Activity:
Each line below from the "1036 Willowgrove Crescent, Saskatoon, Saskatchewan" line through the "babyGAP(ベビーギャップ)のジージャン Gap 90センチ" line, those two included, must be restated word for word; the pictures must not be.

(Records excerpted from a collection)
● ● ● ● ● ● ●
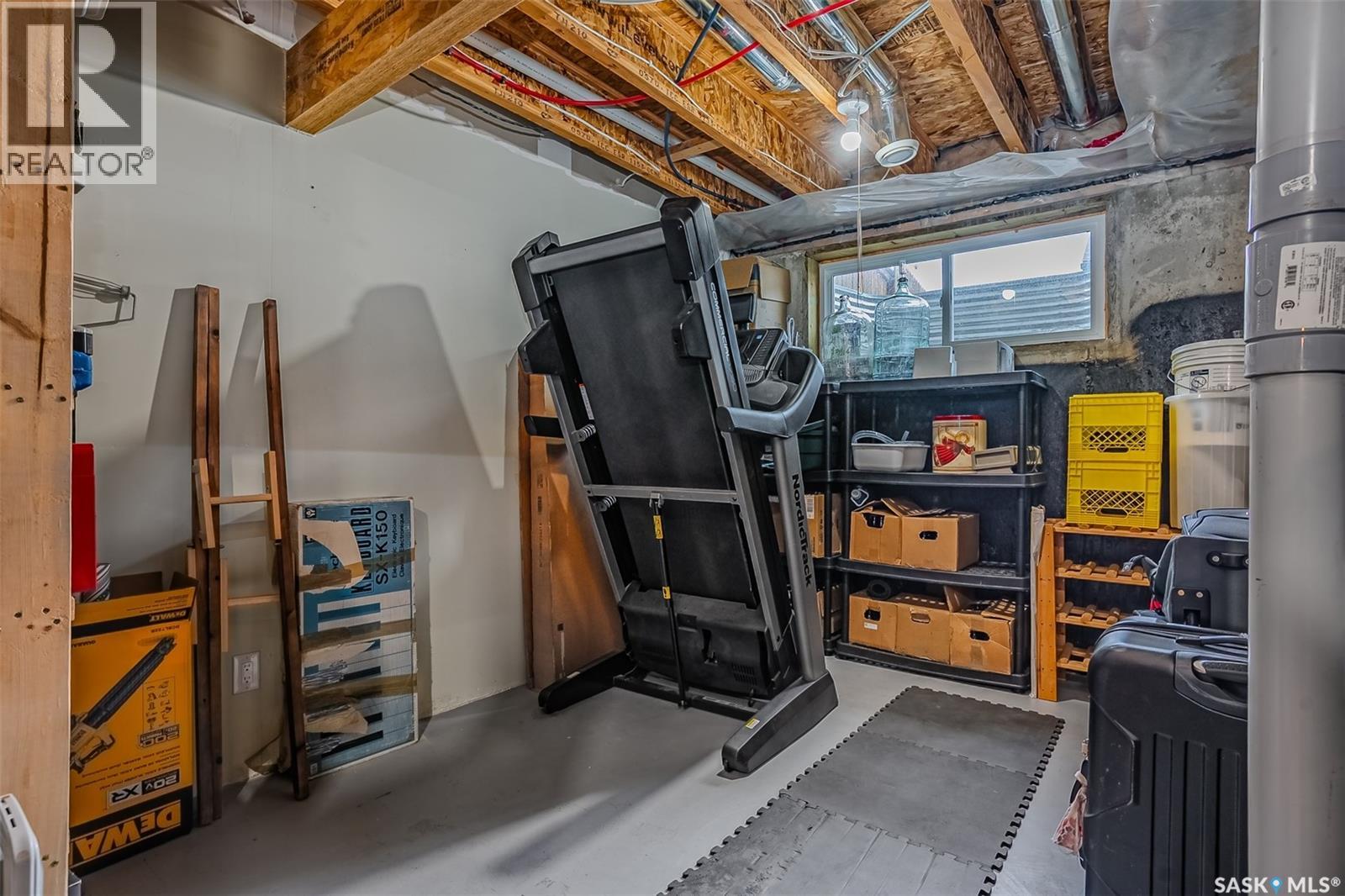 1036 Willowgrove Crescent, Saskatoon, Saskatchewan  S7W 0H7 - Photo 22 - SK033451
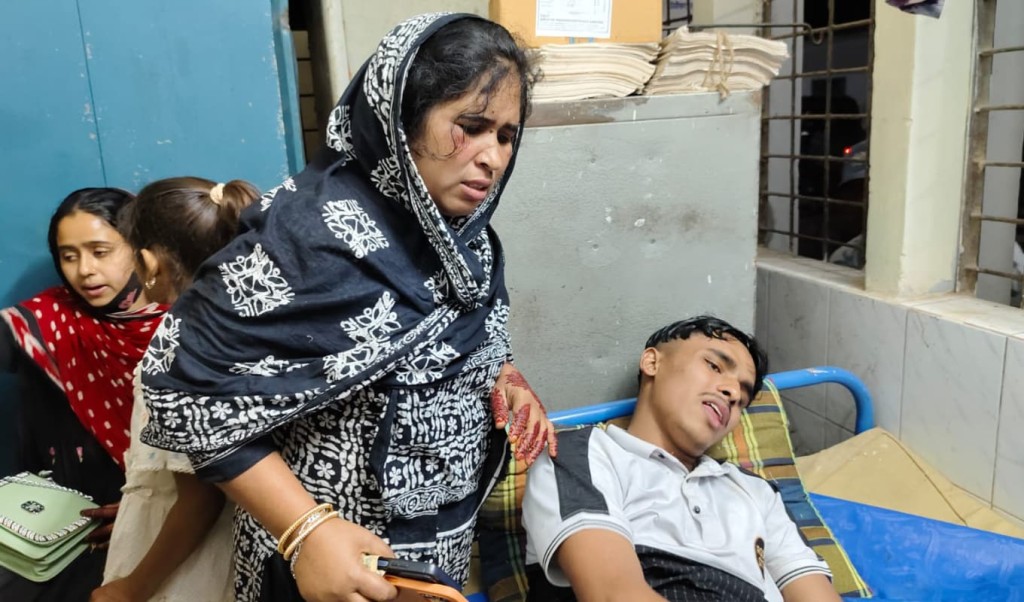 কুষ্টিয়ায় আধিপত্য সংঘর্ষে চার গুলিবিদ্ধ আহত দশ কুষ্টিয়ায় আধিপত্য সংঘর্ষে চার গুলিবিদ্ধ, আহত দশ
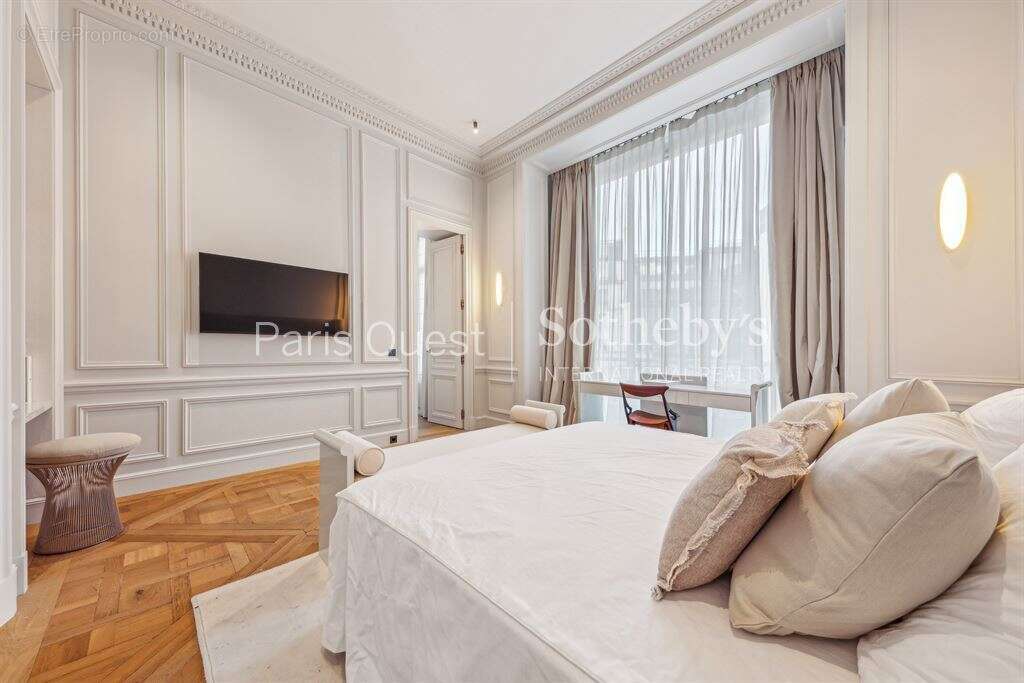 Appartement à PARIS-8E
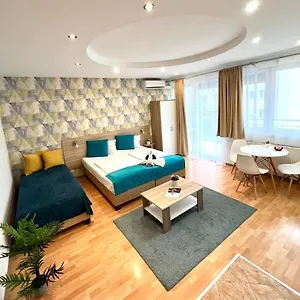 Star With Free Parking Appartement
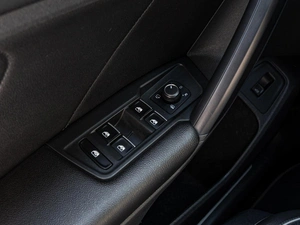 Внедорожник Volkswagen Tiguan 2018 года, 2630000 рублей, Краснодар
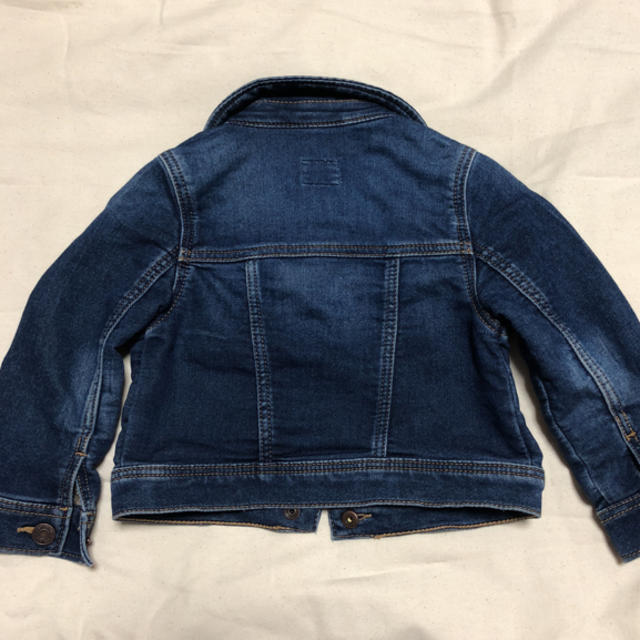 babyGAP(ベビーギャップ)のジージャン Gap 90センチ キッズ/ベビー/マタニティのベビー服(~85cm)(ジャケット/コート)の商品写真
● ● ● ● ● ● ●
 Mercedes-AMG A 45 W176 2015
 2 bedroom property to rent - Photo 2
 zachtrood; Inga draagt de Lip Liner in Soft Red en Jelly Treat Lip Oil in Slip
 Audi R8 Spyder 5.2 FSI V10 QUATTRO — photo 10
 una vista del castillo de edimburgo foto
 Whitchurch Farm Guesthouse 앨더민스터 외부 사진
● ● ● ● ● ● ●
Task response:
 1036 Willowgrove Crescent, Saskatoon, Saskatchewan  S7W 0H7 - Photo 22 - SK033451
 কুষ্টিয়ায় আধিপত্য সংঘর্ষে চার গুলিবিদ্ধ আহত দশ কুষ্টিয়ায় আধিপত্য সংঘর্ষে চার গুলিবিদ্ধ, আহত দশ
 Appartement à PARIS-8E
 Star With Free Parking Appartement
 Внедорожник Volkswagen Tiguan 2018 года, 2630000 рублей, Краснодар
 babyGAP(ベビーギャップ)のジージャン Gap 90センチ キッズ/ベビー/マタニティのベビー服(~85cm)(ジャケット/コート)の商品写真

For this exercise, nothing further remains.